Returning to Moscow, to his loveless marriage and his daily routine, working by day and socializing by night, Gurov expects to soon forget young Anna, but to his surprise, her memory haunts him. Unexpectedly, he falls deeply in love for the first time, after many affairs and just as he is approaching middle age. He feels that he must see Anna, despite the obvious complications. On the ruse of going to St. Petersburg to attend to personal business, he sets off to Anna's hometown to find her. Learning the location of the family's residence from a hotel porter, he finds the house, only to realize that it would be unwise to intrude. In despair, he rationalizes that Anna has probably forgotten him and found someone else, and heads back to his hotel.

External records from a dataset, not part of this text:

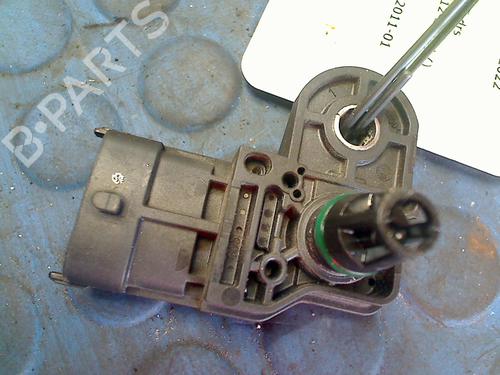 Mass air flow sensor RENAULT MEGANE III Grandtour (KZ0/1) 1.4 TCe (KZ0F, KZ1V) | BP13710240M95
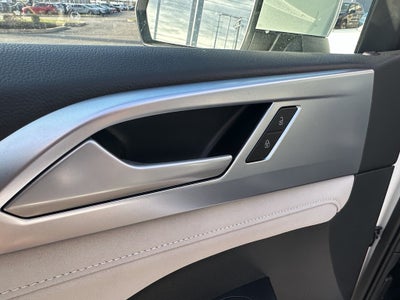 2026 Volkswagen Taos SE FWD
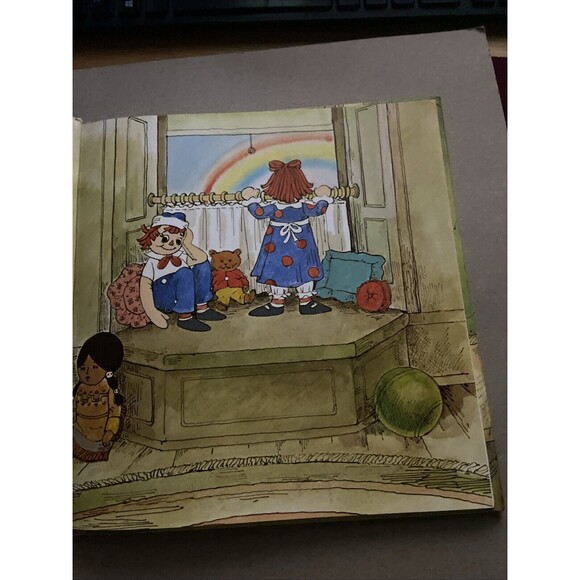 The Raggedy Ann and Andy Storybook Hard Cover 1980 Vintage - Picture 3 of 9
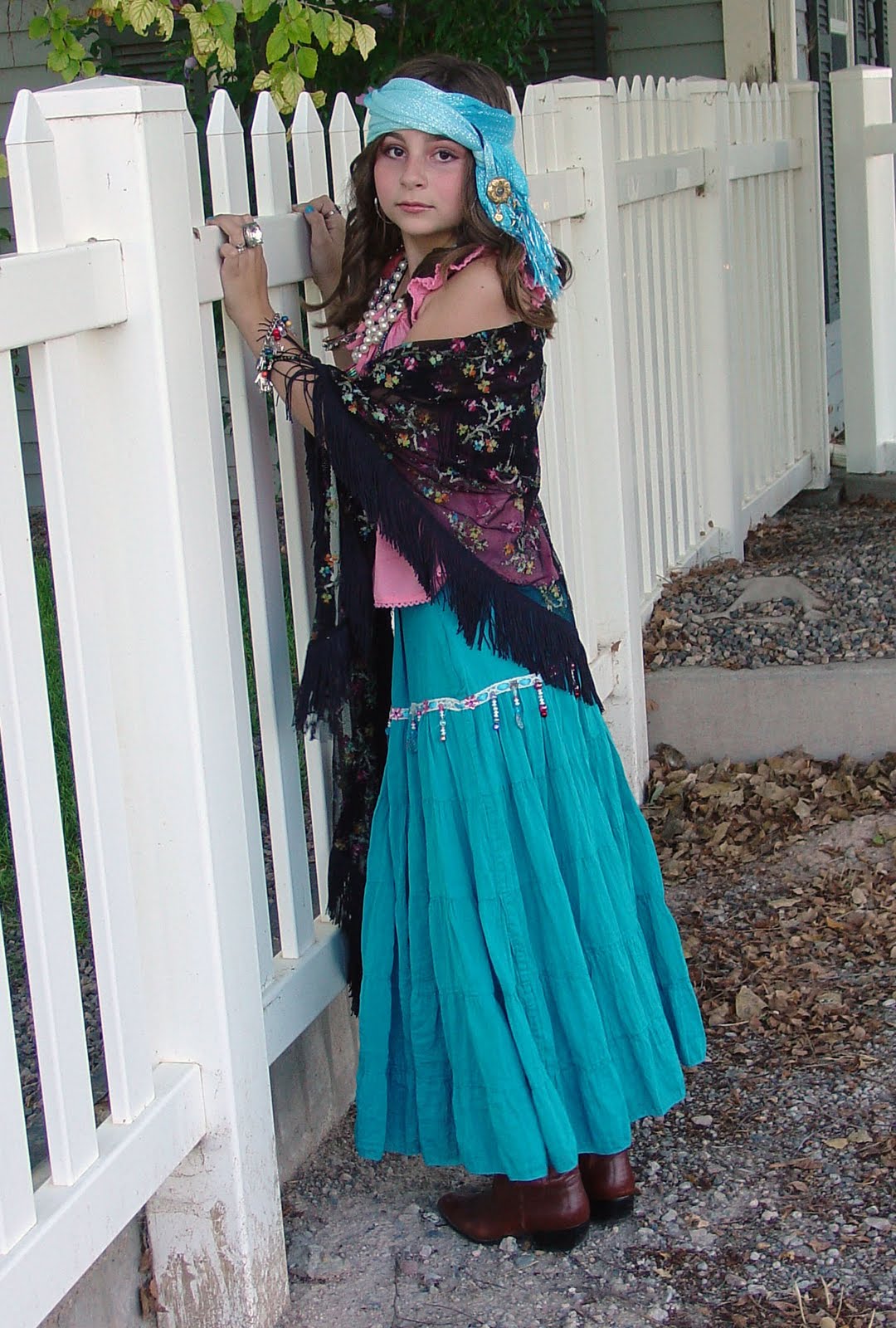 Ye Olde Crones Gazette Gypsy Dreams ****** blog party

In the evening, he remembers having seen a sign earlier in the day announcing the opening performance of The Geisha. Reasoning that Anna and her husband might attend, he goes to the theater. The couple enters and he watches intently. When the husband goes out for a smoke during the first interval, Gurov greets Anna, who is bewildered and runs from him. After following her through the theater, he confronts her and she confides that she has been thinking of him constantly. Frightened, she begs him to leave and promises to see him in Moscow.

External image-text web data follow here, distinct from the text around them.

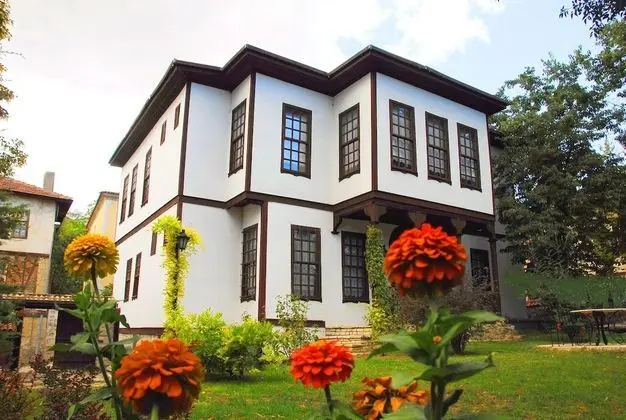 Mehves Hanım Konağı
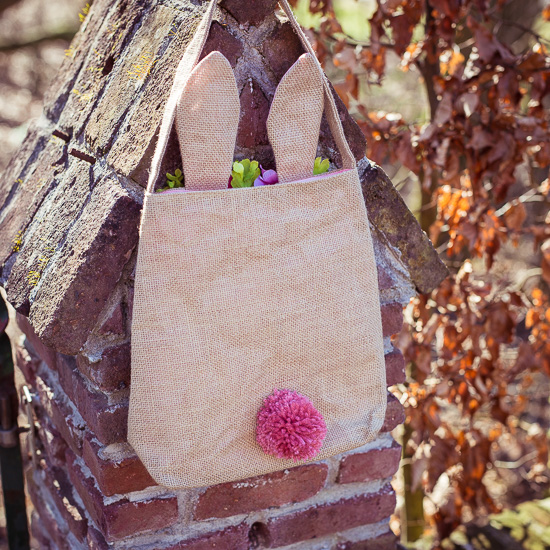 Hinten bekommt die Hasentasche von mir ein PomPom Schwänzchen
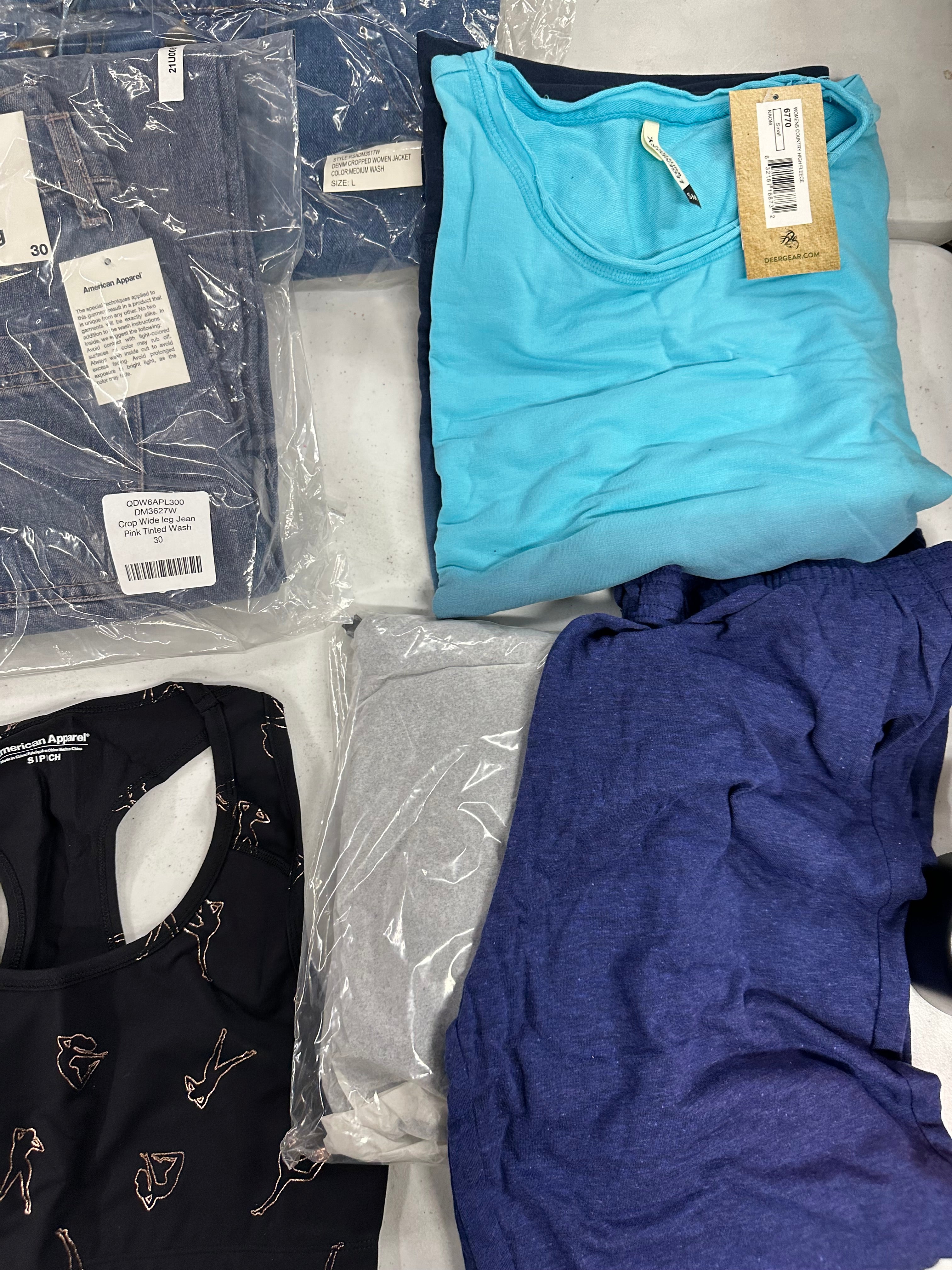 Women's Clothing Assorted Wholesale Lot, FREE PEOPLE, JOE'S JEANS, HUDSON, LEGENDARY and more, 13 items, Shelf Pulls, MSRP $1,269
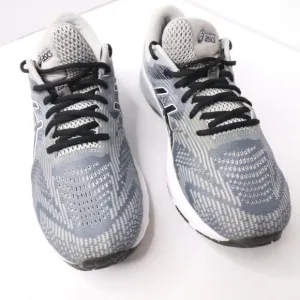 asics gt 2000   1011A690   size 10.5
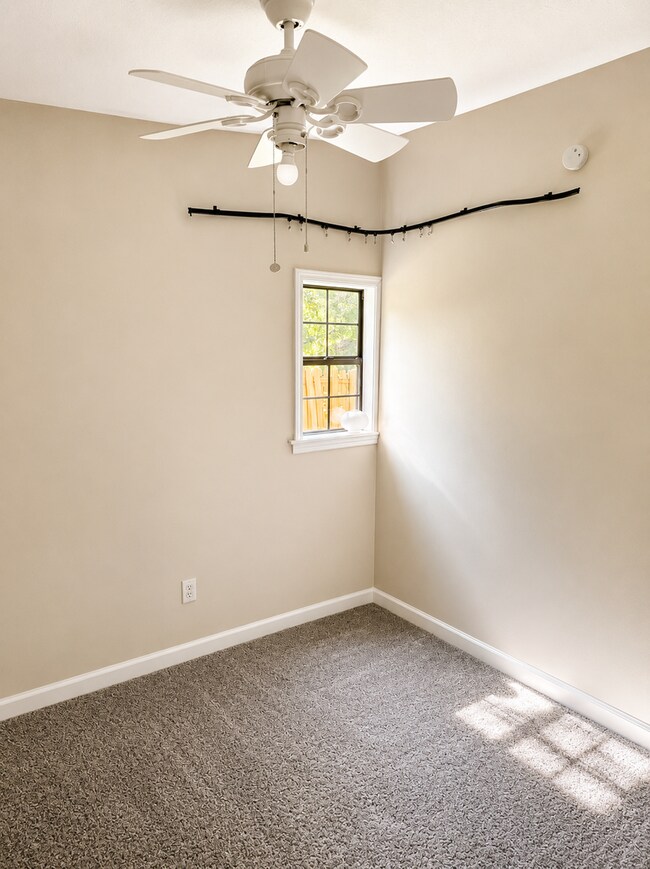 Building Photo - Spacious 3 Bedroom, 2 Bath Home in North Jackson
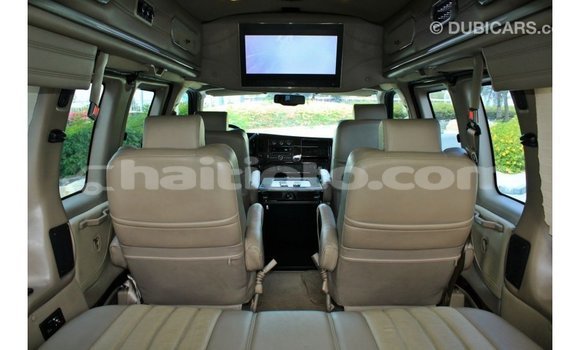 Acheter Import Voiture GMC Acadia Autre à Import - Dubai, Artibonite Acheter Import Voiture GMC Acadia Autre à Import - Dubai, Artibonite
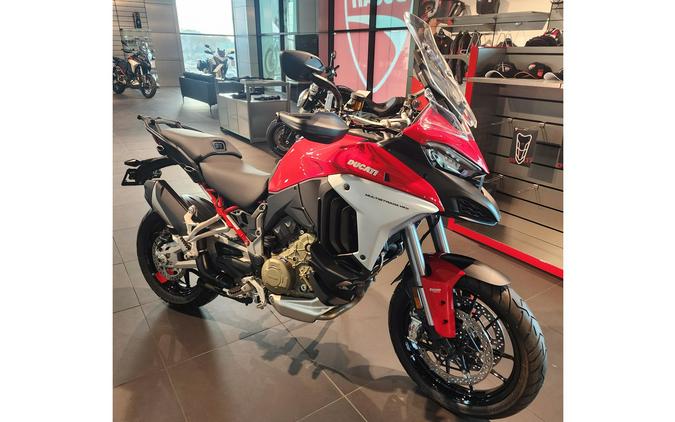 2022 Ducati Multistrada V4 S Travel & Radar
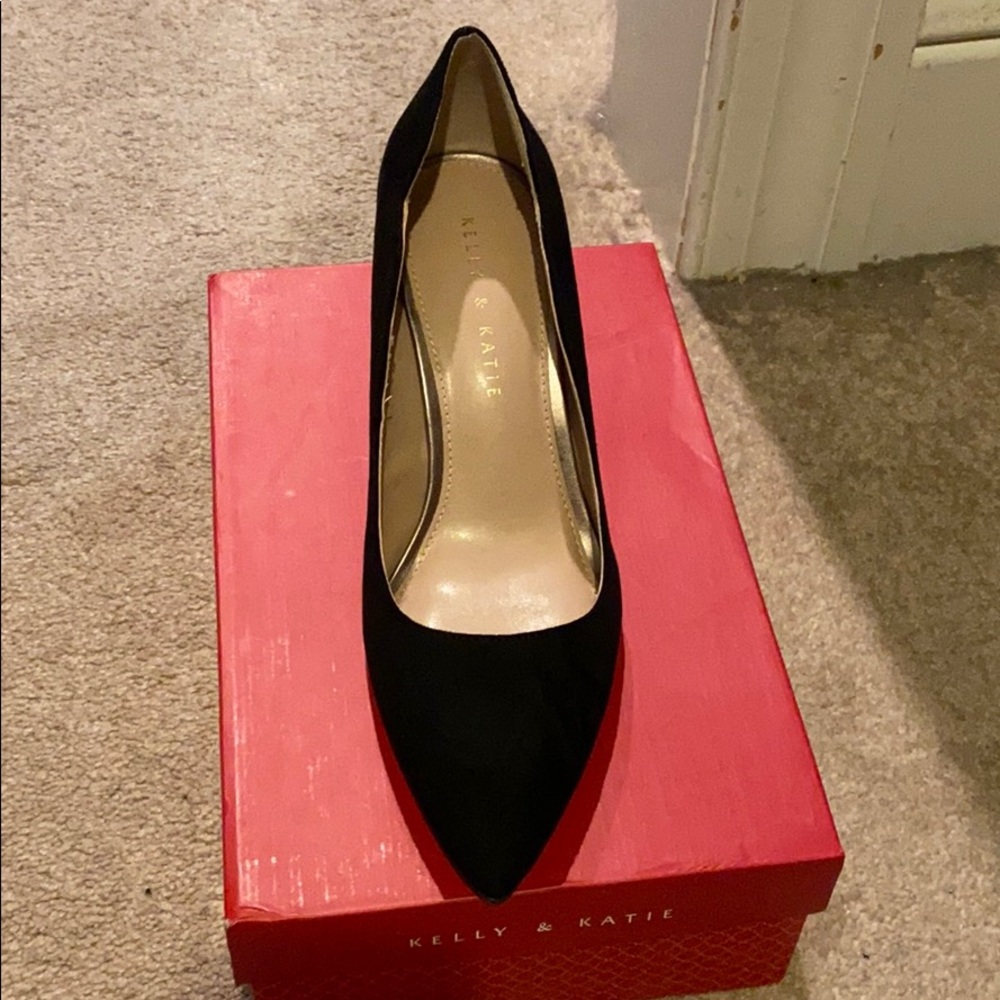 Shoes - Picture 2 of 3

Anna makes excuses to travel to Moscow, telling her husband that she is going there to see a doctor, which he "believes and does not believe". The pair are now fully aware that for the first time in their lives they have actually fallen in love, and they both wonder how they might overcome the many challenges that face them and achieve their fervent wish to spend their lives together. They desperately try to come up with a plan, but the story ends without offering a resolution:They … talked of how to avoid the necessity for secrecy, for deception, for living in different towns and not seeing each other for long stretches of time … and it was clear to both of them that … the most complicated and difficult part of their journey was just beginning.

== Interpretations ==
The story can be seen as "Gurov's spiritual journey—his transformation from a connoisseur of women to a man tenderly devoted to a single ordinary woman." The story can also be seen as "playing with the paradox that a lie—a husband deceiving a wife or a wife deceiving a husband—can be the fulcrum of truth of feeling, a vehicle of authenticity."

Maxim Gorky, a Russian writer from a working-class background, saw the importance of the story as a wake-up call to people "to let go of sleepy, half-dead existence."

Robert Fulford offers yet another interpretation of the story:

What Chekhov says in this sophisticated parable is that love radically alters the landscape of existence. When touched by love, we know the world in a different way. Love changes the inner landscape, too. Under the pressure of love, Gurov looks inside himself and sees someone he has not known before, someone capable of feelings that he barely knew existed.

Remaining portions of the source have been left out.